(Collection entries)

::::

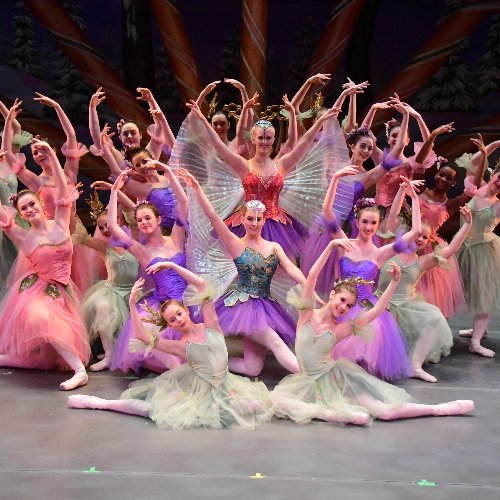 the Company at the Nutcracker in colorful costumes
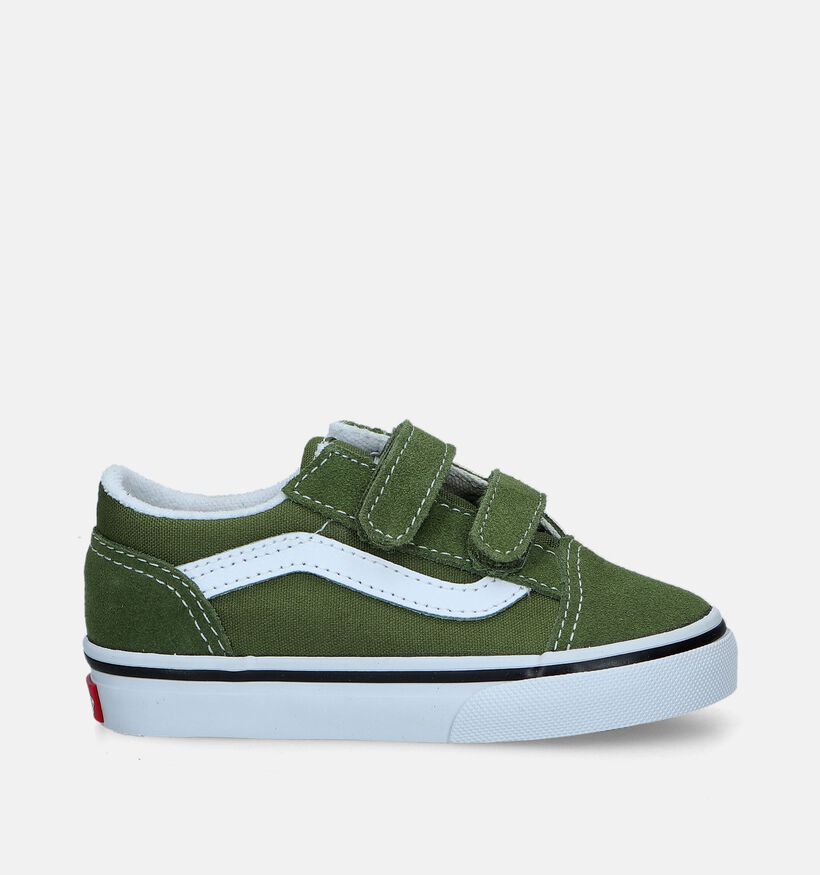 Vans Old Skool V Baskets en Vert pour filles, garçons (343847)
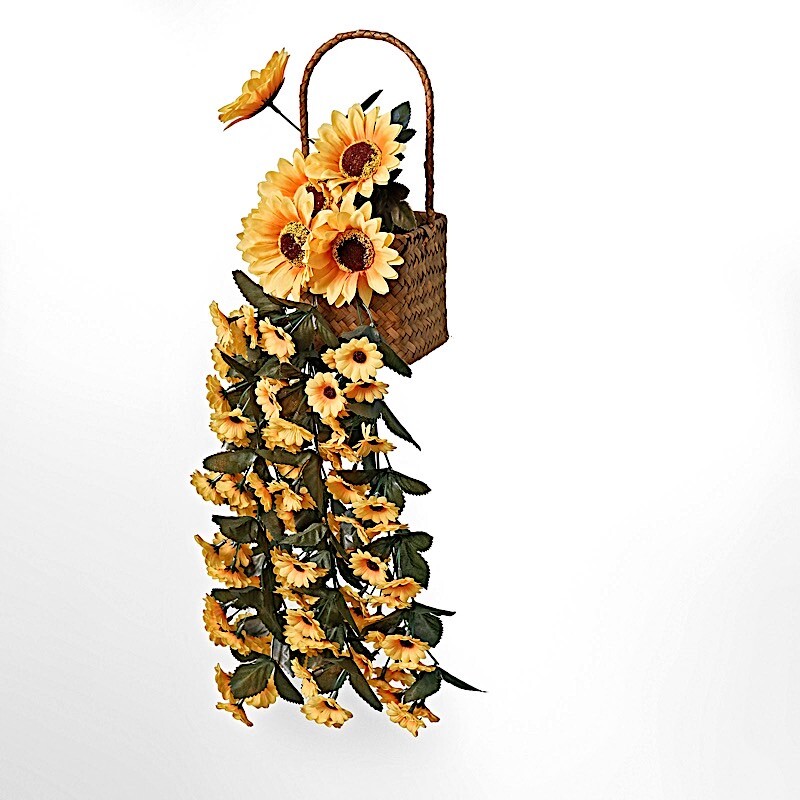 22″ Silk Sunflowers Artificial Hanging Vine Bush Party Events Home Decorations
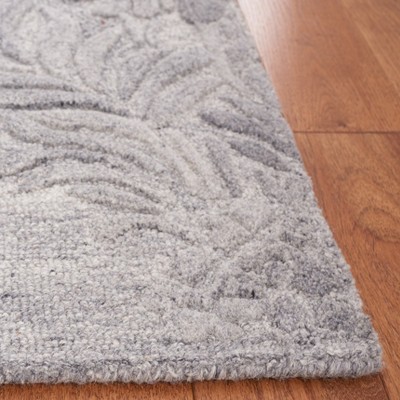 Gray Floral Hand-Tufted Wool Area Rug, 5' x 8'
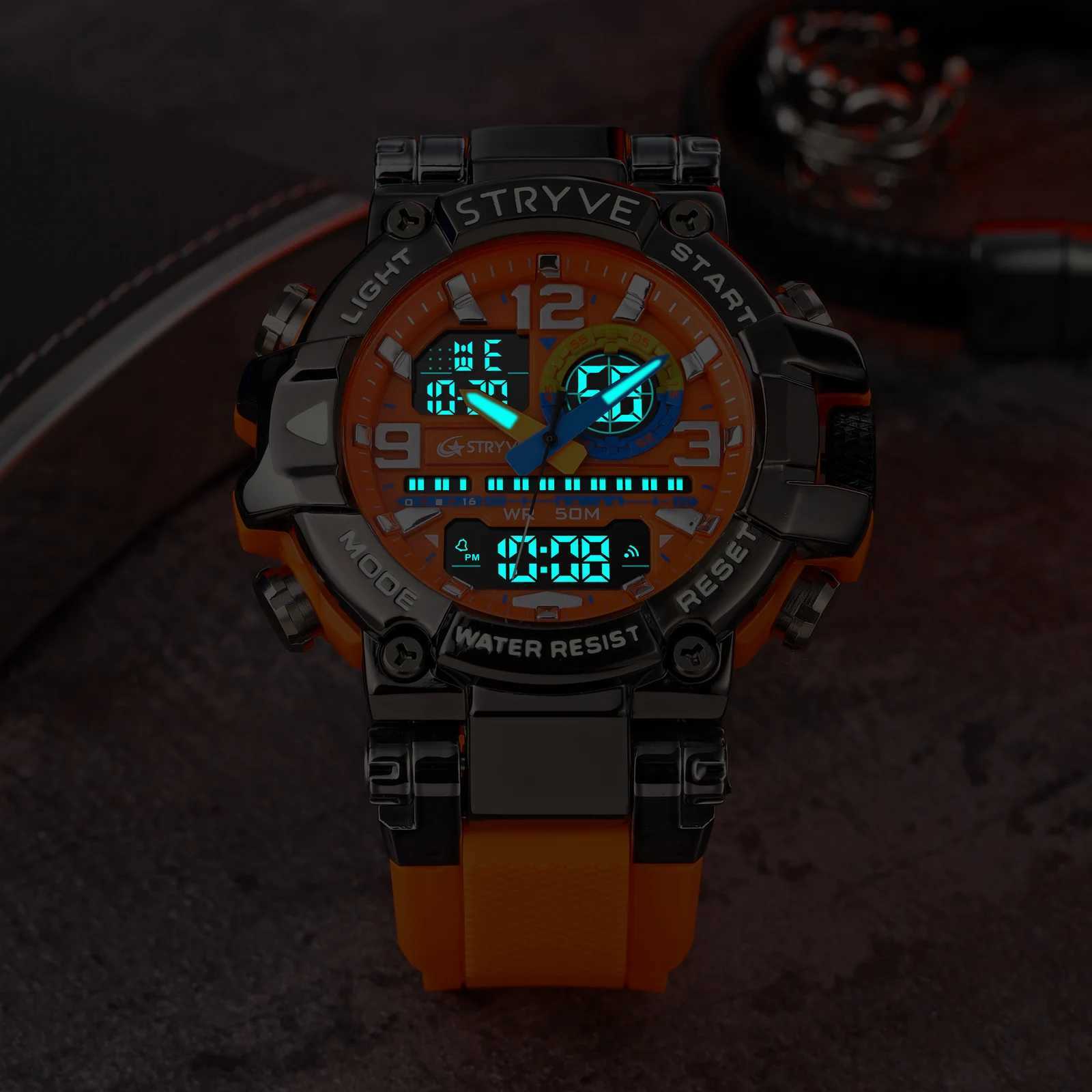 Luxury STRYVE Mens Fashion with Box Digital Ang Double Candlelight Week Waterproof Fashion Sports Student M241128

::::

Your copy of the entries must be exact and must contain no pictures.

 the Company at the Nutcracker in colorful costumes
 Vans Old Skool V Baskets en Vert pour filles, garçons (343847)
 22″ Silk Sunflowers Artificial Hanging Vine Bush Party Events Home Decorations
 Gray Floral Hand-Tufted Wool Area Rug, 5' x 8'
 Luxury STRYVE Mens Fashion with Box Digital Ang Double Candlelight Week Waterproof Fashion Sports Student M241128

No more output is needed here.